New Methods, Old Frameworks: The State of UX Research in the LLM Era

TLDR: Frontier labs have made real progress on new research modalities, interaction observatories, and agentic workflows. UXR tooling vendors are integrating LLM into UXR infrastructure, but largely within traditional research frameworks. The more interesting gap is epistemological: none of this work has seriously addressed what validity means for these new methods, or how to study the specific product ecologies where LLM is actually being deployed. That work falls to in-house researchers inside product organizations, and it is mostly still undone.

In an earlier post, I tried to map several emerging directions for UX research in the age of LLMs. It was meant to be a field map: sketch the territory and name the problems that felt increasingly hard to describe with existing research language.

Compared to a field map, a landscape asks a harder question: where are these things already taking shape, and where does the evidence remain thin? Some parts of the field map are no longer merely conceptual. There are now public examples from frontier LLM labs showing that new forms of human-LLM interaction research are already being practiced. This post is an attempt to read that landscape honestly: to understand what shape it has taken, and what that shape implies about where the genuinely unfinished work still lives.

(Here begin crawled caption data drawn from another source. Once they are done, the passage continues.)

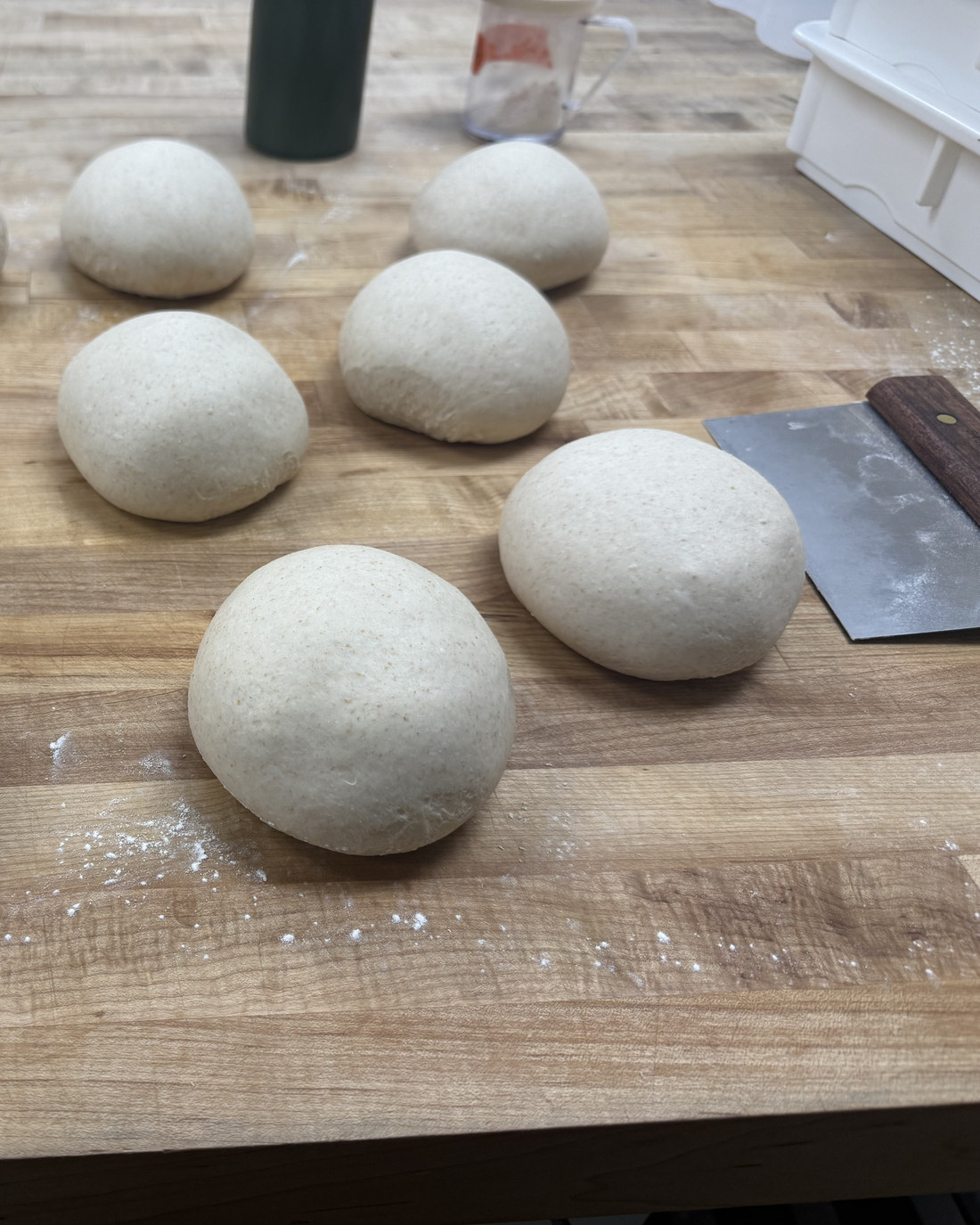 Dough balls resting on the bench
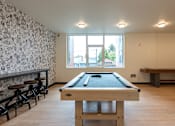 Thumbnail 37 of 54 - A pool table in a room with a bar and a window.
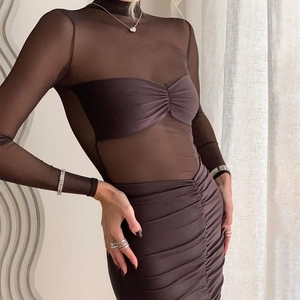 Detail of sheer mesh texture and ruched fabric on this dark brown bodycon dress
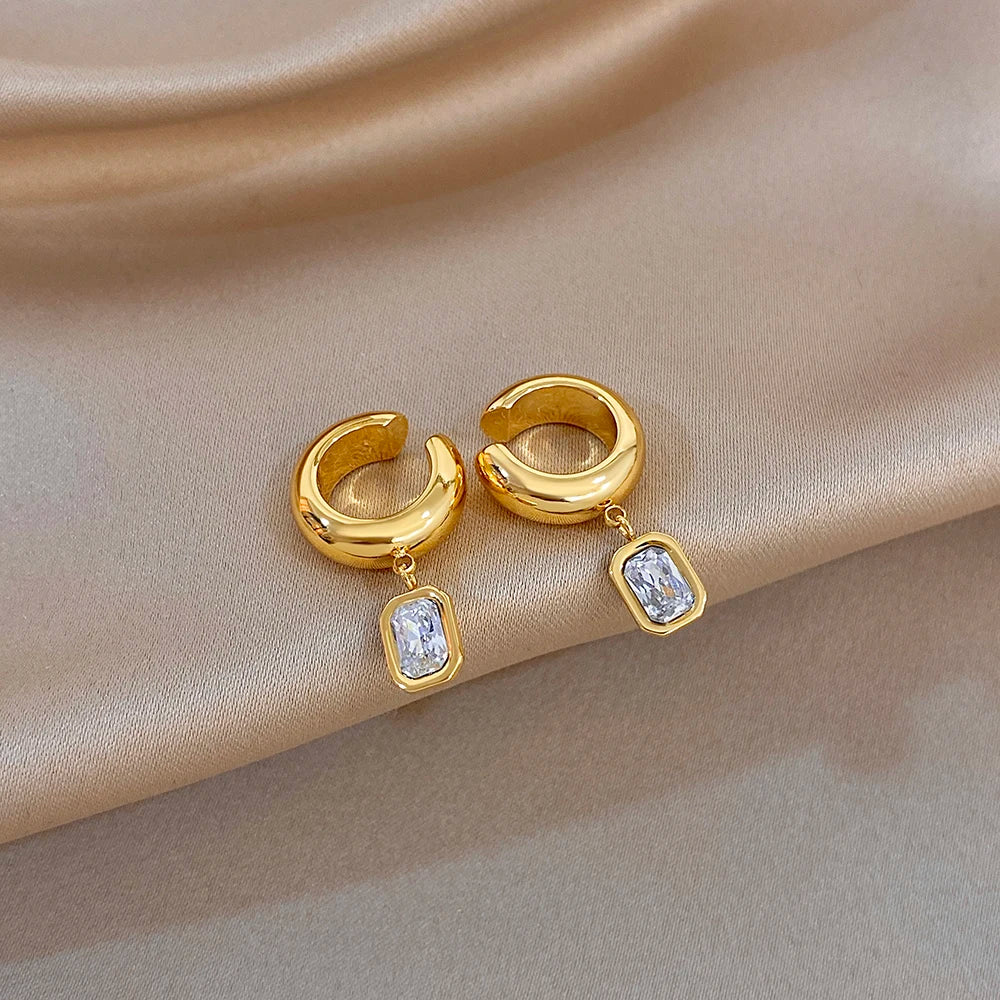 Gold-tone hoop ear clip earrings with two square zirconia drop charms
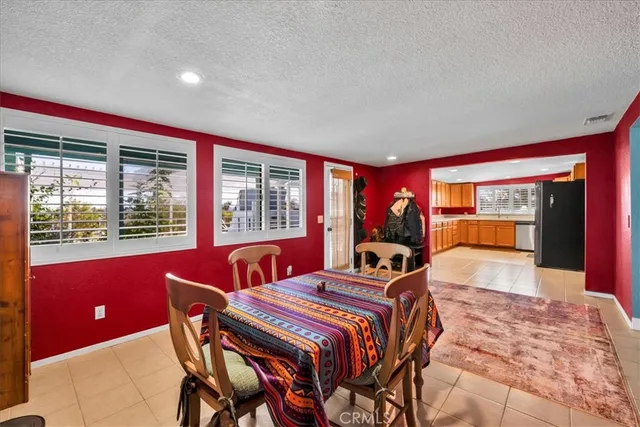 a bedroom with bed and a lamp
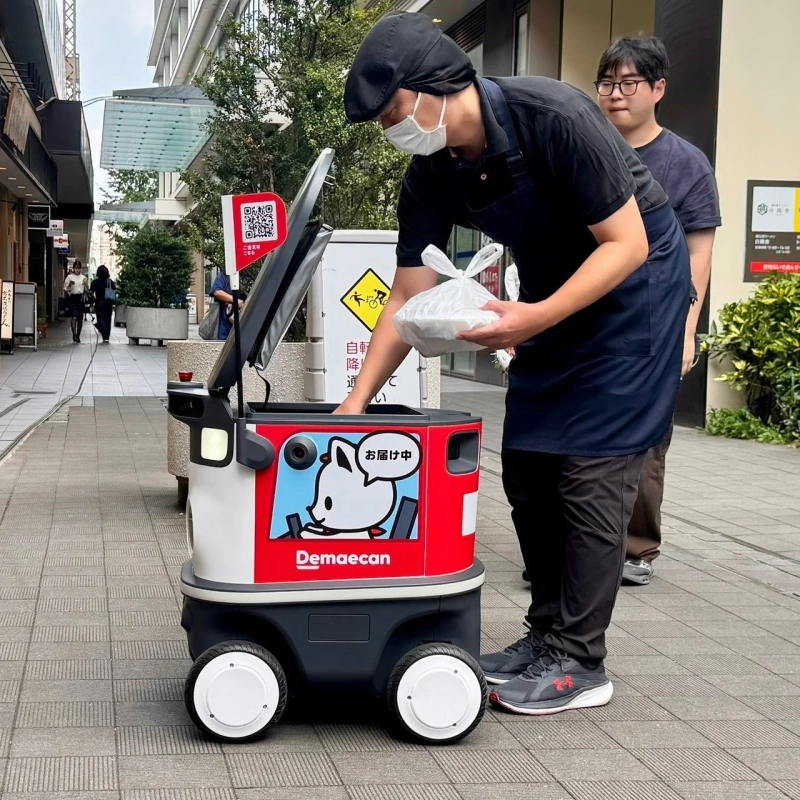 出前館の配達員が自動配送ロボットに商品を積み込んでいる様子
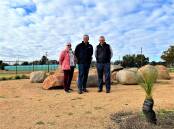 Parkes MP Mark Coulton (right) with Macquarie Home Stay director Rod Crowfoot and board director Susie Hill at the garden to be surrounded by the Queen's commemorative trees. Picture: Elizabeth Frias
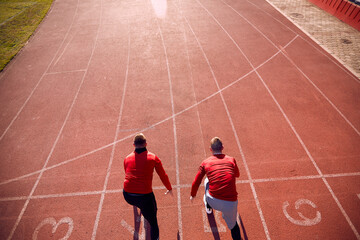 Two young men are racing at an athletic training at the stadium. Sport, athletics, athletes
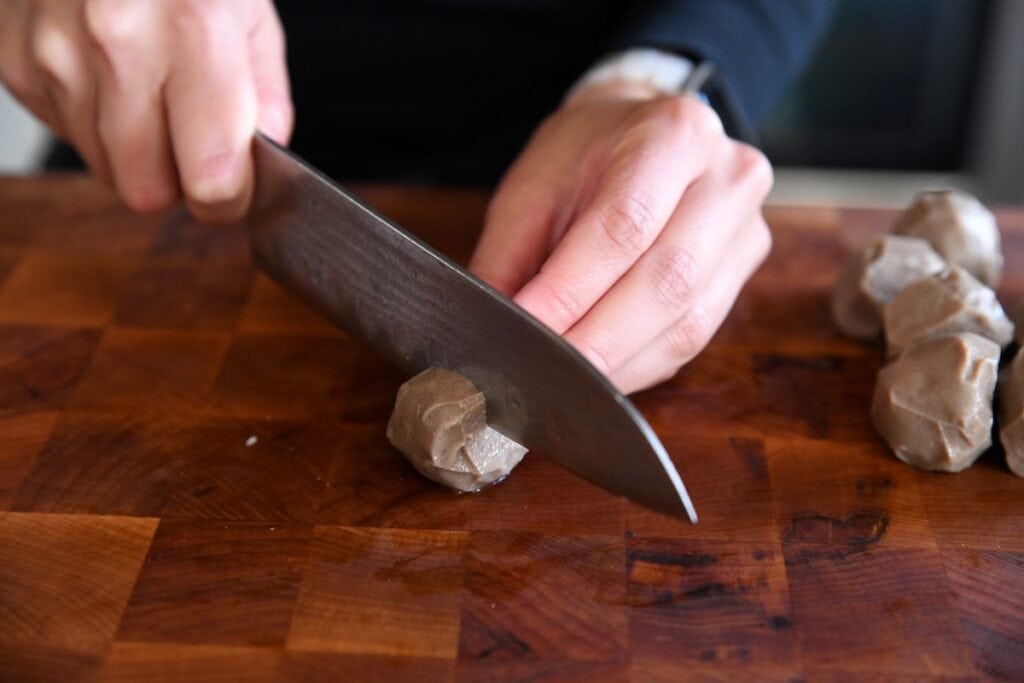 The hand of a cook carefully slicing a dense Vietnamese bò viên (beef meatball) in half on a rich, dark wood cutting board.
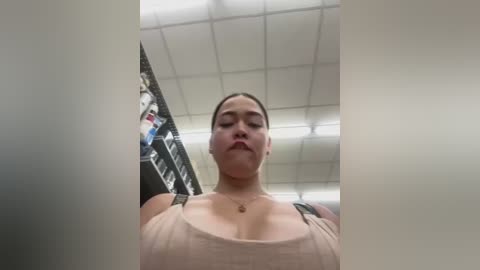 Media: Video of a young woman with medium skin tone, brown hair, wearing a beige tank top, taken from a low angle in a fluorescent-lit room with white ceiling tiles and a ladder.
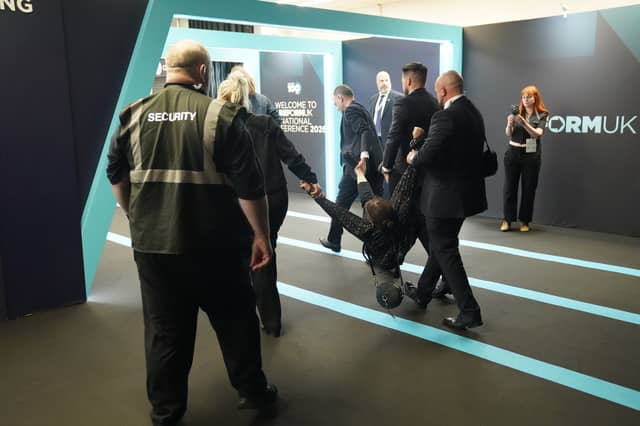 A protester is removed from the Reform UK conference, with footage showing one woman being assaulted by audience members after interrupting Nigel Farage's speech on Friday.
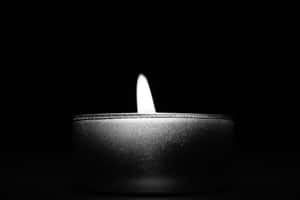 一支在黑暗中發光的點燃蠟燭 — 省電 壁紙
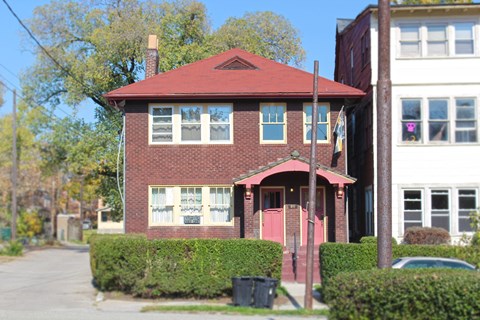 a brick house with a red roof on a street
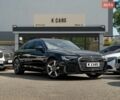 Черный Ауди А6, объемом двигателя 2 л и пробегом 94 тыс. км за 33700 $, фото 1 на Automoto.ua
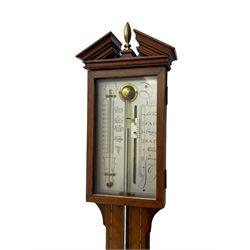 20th century - mercury cistern barometer in an 18th century style mahogany case with contrasting inlay and a broken pediment, round base with a turned cistern cover, fully exposed glass tube and silvered register within a glazed door, with a Fahrenheit spirit thermometer, engraved weather predictions and sliding vernier. Mercury clean and present.
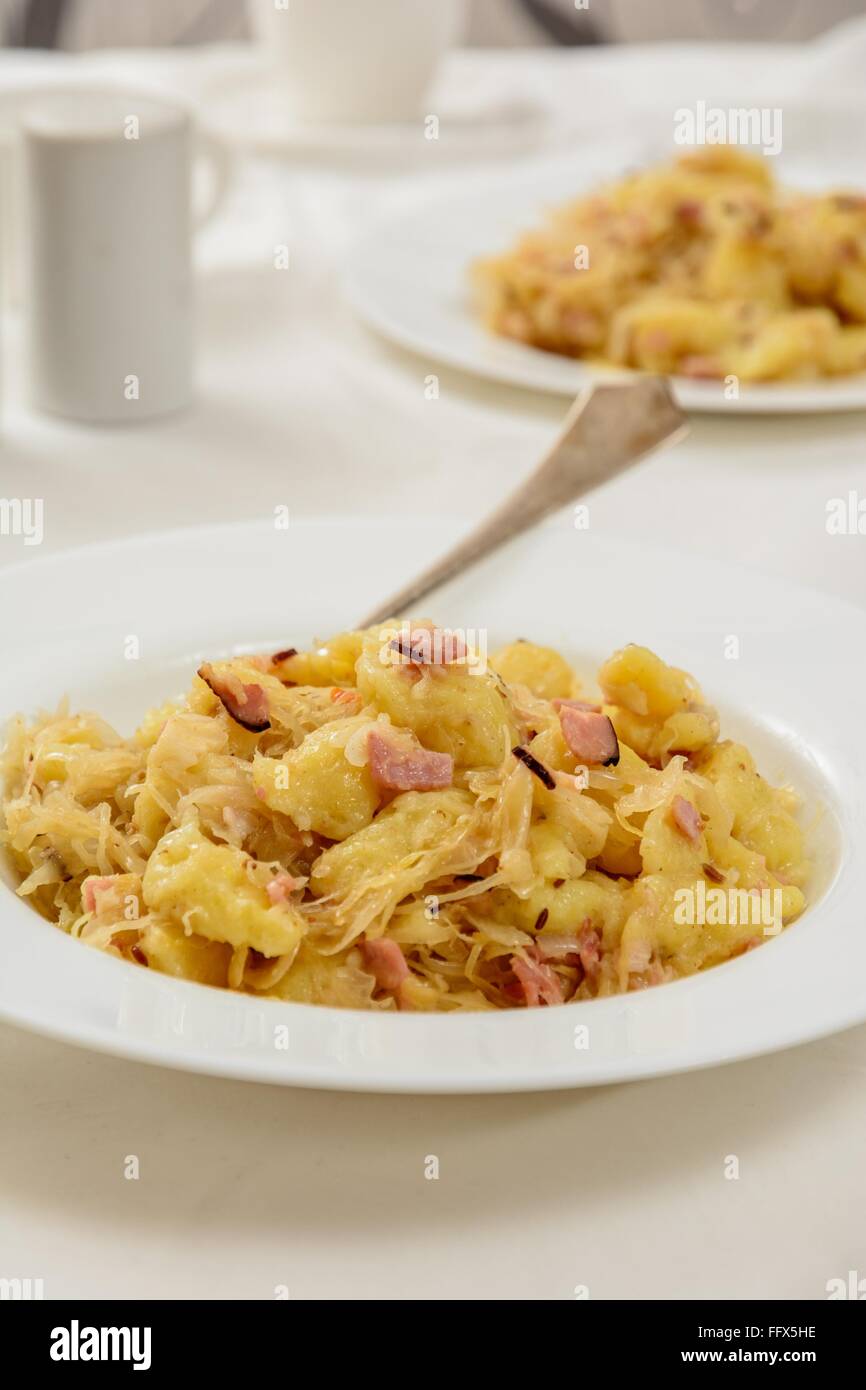 Traditional slovakian gnocchi halusky with cabbage and bacon Stock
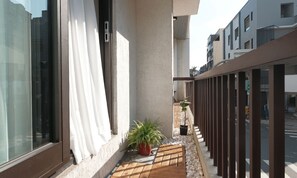 A narrow outdoor corridor with a wooden deck, potted plants, and a metal railing.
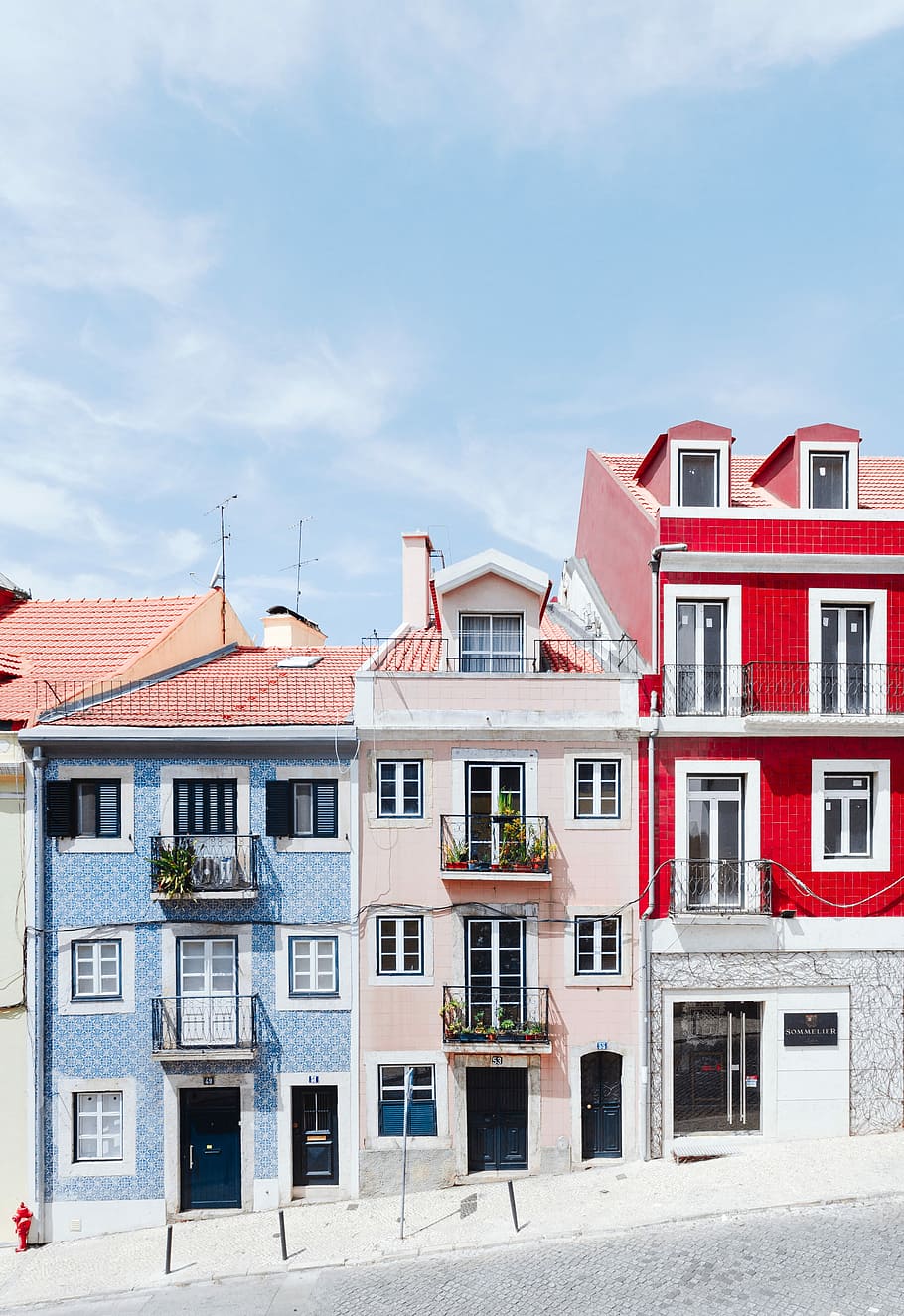 white and red concrete house, three blue, pink, and red concrete houses HD wallpaper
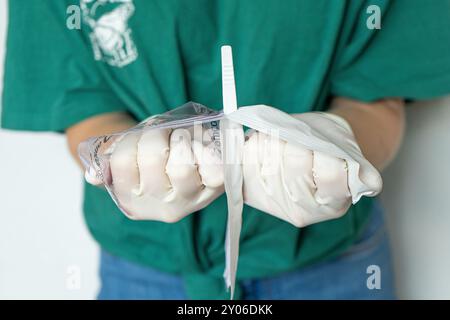 Femme médecin dans les vêtements de plaine ouvrant l'emballage médical. Gros plan des mains féminines avec des gants blancs ouvrant l'emballage. Banque D'Images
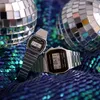 Two Casio digital watches are displayed on a sparkly blue and green sequined surface, with two disco balls in the background. Produktbild-Vorschau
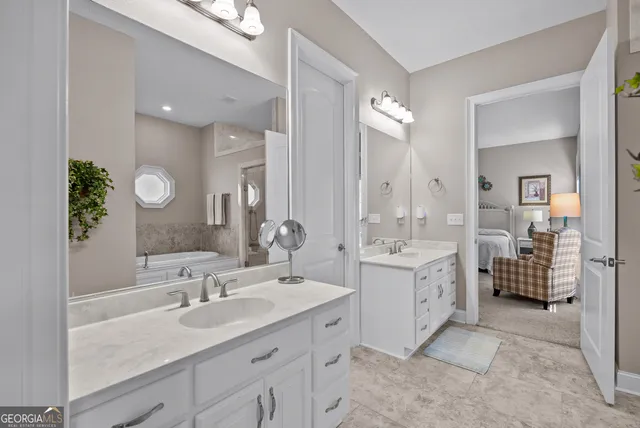 a living room with furniture a desk and chair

What Frontier Labs Are Already Doing

New research modalities: when scale and depth stop being a tradeoff

The clearest example of a genuinely new research modality comes from Anthropic. Anthropic Interviewer is a Claude-powered tool that conducts real-time conversational interviews at scale: it works from a researcher-defined interview guide, adapts follow-up questions based on each participant’s responses, and synthesizes findings back to the research team. The methodology was put to its most visible test in a study involving over 80,000 participants across 159 countries and 70 languages. Anthropic describes it as bridging the typical tradeoff between depth and volume in qualitative research. The boundary between qualitative and quantitative research is being reorganized, not just stretched.

Synthetic users and simulation represent another direction. I plan to write about this in more depth separately, as it is a large enough topic. The short version: the interesting question is not whether LLM can generate plausible-sounding user responses, but whether simulation can be used to explore interaction dynamics in product ecologies that do not yet exist.

LLM as research instrument: interaction traces as a research substrate

Anthropic, OpenAI, and Google Research have all explored treating real-world interaction traces, rather than recruited participants or post-hoc self-reports, as a primary research substrate.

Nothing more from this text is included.